Segment Open

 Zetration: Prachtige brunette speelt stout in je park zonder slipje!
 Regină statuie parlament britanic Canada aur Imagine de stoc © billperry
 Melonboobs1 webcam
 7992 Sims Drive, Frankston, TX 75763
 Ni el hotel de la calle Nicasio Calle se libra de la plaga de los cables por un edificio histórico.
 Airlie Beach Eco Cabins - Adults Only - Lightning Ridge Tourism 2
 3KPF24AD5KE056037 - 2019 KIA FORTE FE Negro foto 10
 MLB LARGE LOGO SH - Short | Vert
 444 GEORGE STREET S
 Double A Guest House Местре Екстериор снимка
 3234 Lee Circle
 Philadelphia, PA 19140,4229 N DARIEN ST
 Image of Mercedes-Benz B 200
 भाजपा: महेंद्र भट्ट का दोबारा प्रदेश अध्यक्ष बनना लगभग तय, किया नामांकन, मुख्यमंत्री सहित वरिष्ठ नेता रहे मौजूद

Segment Closed

### Task directions
Would you write out the whole listing word for word?

### Response area
 Zetration: Prachtige brunette speelt stout in je park zonder slipje!
 Regină statuie parlament britanic Canada aur Imagine de stoc © billperry
 Melonboobs1 webcam
 7992 Sims Drive, Frankston, TX 75763
 Ni el hotel de la calle Nicasio Calle se libra de la plaga de los cables por un edificio histórico.
 Airlie Beach Eco Cabins - Adults Only - Lightning Ridge Tourism 2
 3KPF24AD5KE056037 - 2019 KIA FORTE FE Negro foto 10
 MLB LARGE LOGO SH - Short | Vert
 444 GEORGE STREET S
 Double A Guest House Местре Екстериор снимка
 3234 Lee Circle
 Philadelphia, PA 19140,4229 N DARIEN ST
 Image of Mercedes-Benz B 200
 भाजपा: महेंद्र भट्ट का दोबारा प्रदेश अध्यक्ष बनना लगभग तय, किया नामांकन, मुख्यमंत्री सहित वरिष्ठ नेता रहे मौजूद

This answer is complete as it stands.